We know what would happen: A U.S. soldier would be called a traitor
and a coward; he would be ridiculed and ostracized; he would face
court-martial or time in the brig; he would be called un-American
and un-patriotic.
But what
if an American soldier thought an order was unjust? Wouldn’t he
be excused?
First Lt.
Ehren Watada
wasn’t. In fact, when he publicly refused to fight in Iraq, the
Army tried to court-martial him, but it ended
in a mistrial. Although a new court-martial date was later
set, rescheduled, and postponed, a federal judge ruled
that the Army could not prosecute Watada a second time because
that would be double jeopardy. A federal appeals court judge recently
allowed the Army to drop
its appeal. Watada could still face charges of "conduct
unbecoming an officer" for public statements he made against
Bush and the war.
But if soldiers
should always obey orders then why aren’t Iraqi soldiers defending
their homeland lauded as heroes?

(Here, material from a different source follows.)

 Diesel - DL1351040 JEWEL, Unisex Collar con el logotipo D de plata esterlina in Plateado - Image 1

Aren’t U.S. soldiers who obeyed
orders to invade Iraq all said to be heroes? Why the double standard?
And what
a double standard it is. This is American exceptionalism at its
worse and most deadly.
No soldier
in any of the world’s other 193 countries is supposed to follow
an order to fire a weapon at an American soldier, sink an American
ship, shoot down an American plane, drop a bomb on American territory,
invade American soil, mine an American harbor, occupy an American
city, torture an American, or kill an American. Those that do
are considered terrorists, insurgents, and enemy combatants, all
worthy of torture.
But if an
American solider is ordered to launch a preemptive strike against
Iraq, he should just follow orders. If an American soldier is
ordered to bomb Afghanistan, he should just follow orders. If
an American soldier is ordered to drop napalm in the jungles of
Vietnam, he should just follow orders. If an American soldier
is ordered to invade Korea, he should just follow orders. If an
American solider is ordered to put down an insurrection by Filipinos,
he should just follow orders. If an American soldier is ordered
to firebomb a German or Japanese city, he should just follow orders.

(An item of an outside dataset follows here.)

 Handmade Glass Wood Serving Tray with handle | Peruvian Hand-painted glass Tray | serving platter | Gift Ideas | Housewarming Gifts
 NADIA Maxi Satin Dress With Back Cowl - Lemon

If an American soldier is ordered to help the CIA remove a foreign
leader, he should just follow orders. If an American solider is
ordered to intervene in some country’s civil war, he should just
follow orders. If an American soldier is ordered to destroy a
city and kill its inhabitants in a country that he cannot locate
on a map, he should just follow orders.
Just think
what it would mean to the peace of the world, not to mention the
U.S. defense budget, if American soldiers limited their activities
to actually defending the United States guarding American borders,
patrolling American coasts, protecting American citizens, enforcing
no-fly zones in American skies and refusing to follow orders to
do otherwise.
That would
truly be an America First foreign policy, a constitutional foreign
policy, a Jeffersonian foreign policy, a Ron Paul foreign policy.
Since it
is soldiers the world over who do the actual fighting, we would
all be better off if none of them followed orders, including Americans.